Do UOL, em São Paulo

31/01/2015 15h42

 “Os quadrinhos estão em alta. Voltou a ser cult, ninguém mais tem vergonha de ser nerd. Hoje temos absolutamente todos os gêneros no mercado, desde Robert Crumb até mangá erótico. Desde super-herói de linha até o nacional fofinho. Mesmo com a crise do mercado editorial brasileiro, as vendas das HQs subiram. Além disso, os artistas independentes estão sabendo aproveitar esse momento.” Quem faz a análise é Sidney Gusman, um dos mais respeitados especialistas em quadrinhos do Brasil, que atua na área desde 1990 e, atualmente, edita o site Universo HQ e é o responsável pelo planejamento editorial da Mauricio de Sousa Produções.

A produção nacional reforça os argumentos de Gusman. Outrora completamente ofuscada pelo que vinha do exterior, ela começa a ocupar um espaço relevante, seja nas livrarias --por meio de editoras consagradas que investem cada vez mais no gênero ou de novos selos que surgem para lidar exclusivamente com HQs--, seja na cena independente, estimulada pala internet e pelos eventos do nicho que acontecem pelo país.

Paulo Ramos

  • Vive-se um momento ímpar hoje no país. Há uma diversidade de publicações, de gêneros e formatos nunca antes vista. O volume de tiras e de narrativas mais longas feitas por autores brasileiros também é inédito

    Paulo Ramos, do Núcleo de Pesquisas de Histórias em Quadrinhos da ECA-USP.

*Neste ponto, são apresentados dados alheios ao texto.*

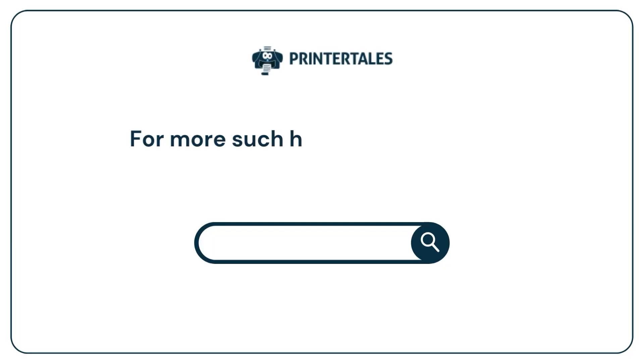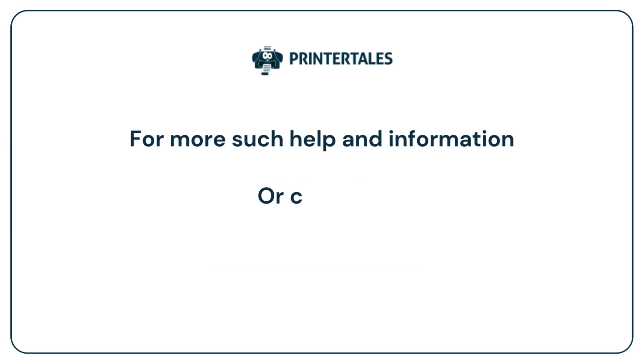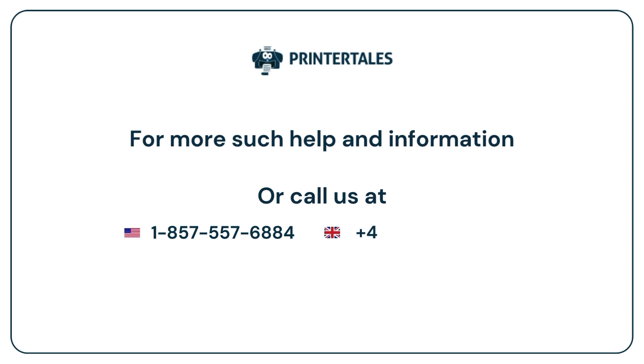For more such help and information, visit us at www.printertales.com or call us at 1-857-557-6884. Thank you.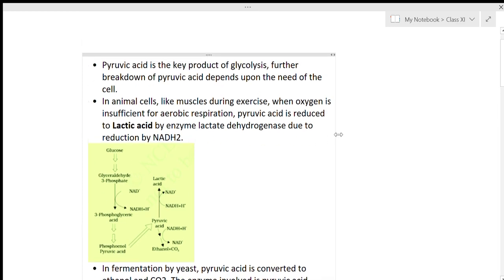In the previous video we discussed the conversion of glucose into pyruvic acid, which is known as glycolysis. Pyruvic acid is the key product of glycolysis. This pyruvic acid is further broken down depending on the need of the cell.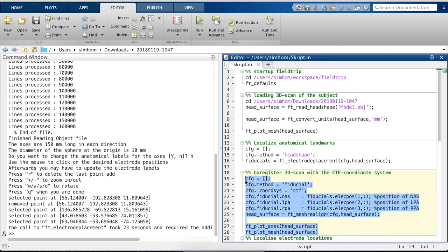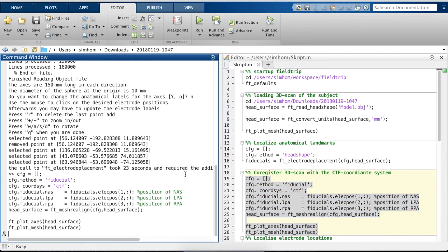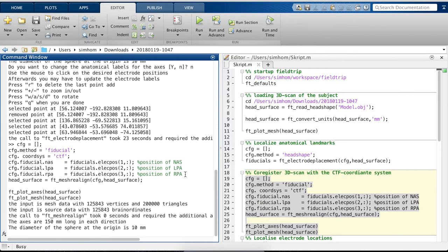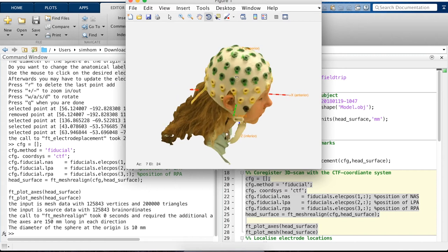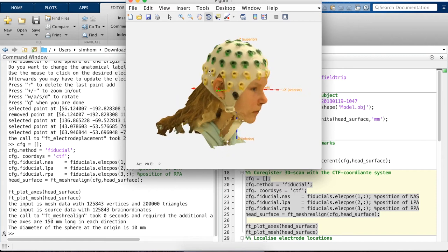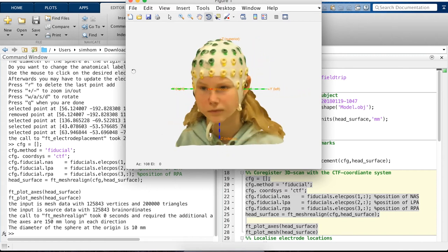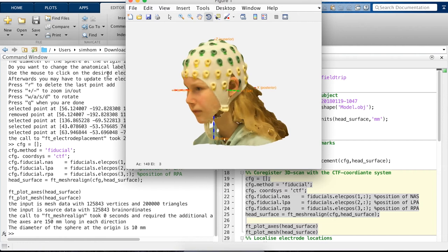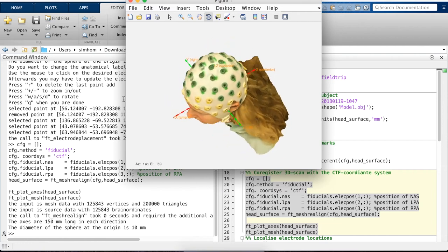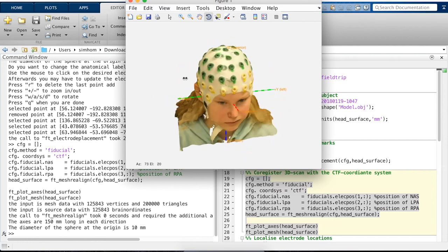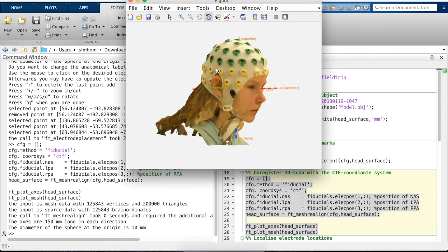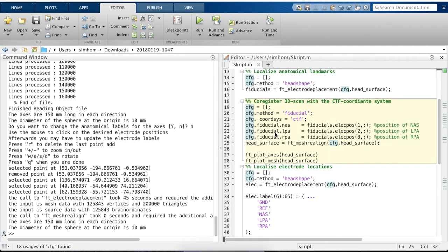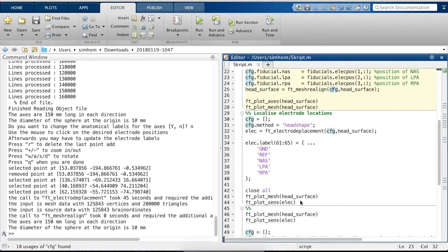The next step, we register the 3D scan into the CTF coordinate system. Again, we can nicely see how the axis goes directly to the fiducials where we clicked them. The marking thing is that we can see the x-axis, the back part, goes below the cap, which is not what we expected.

“Há quatro anos, uma editora dava 7% das vendas de um quadrinho já pronto para o seu autor. Hoje, editores precisam ir atrás de muitos caras, pagar para que produzam e dar mais  porcentagem de venda. É pouco ainda, mas as coisas vão acontecendo. Há uma predisposição maior das pessoas em consumir quadrinho nacional”, continua Gusman, cuja opinião encontra bastante eco entre seus pares.

“Vive-se um momento ímpar hoje no país. Há uma diversidade de publicações, de gêneros e formatos nunca antes vista. O volume de tiras e de narrativas mais longas feitas por autores brasileiros também é inédito. Não se compara às vendas em bancas de 50 anos atrás, mas vive-se um período de ebulição inédito”, diz Paulo Ramos, membro do Núcleo de Pesquisas de Histórias em Quadrinhos da Escola de Comunicação e Artes (ECA), da USP.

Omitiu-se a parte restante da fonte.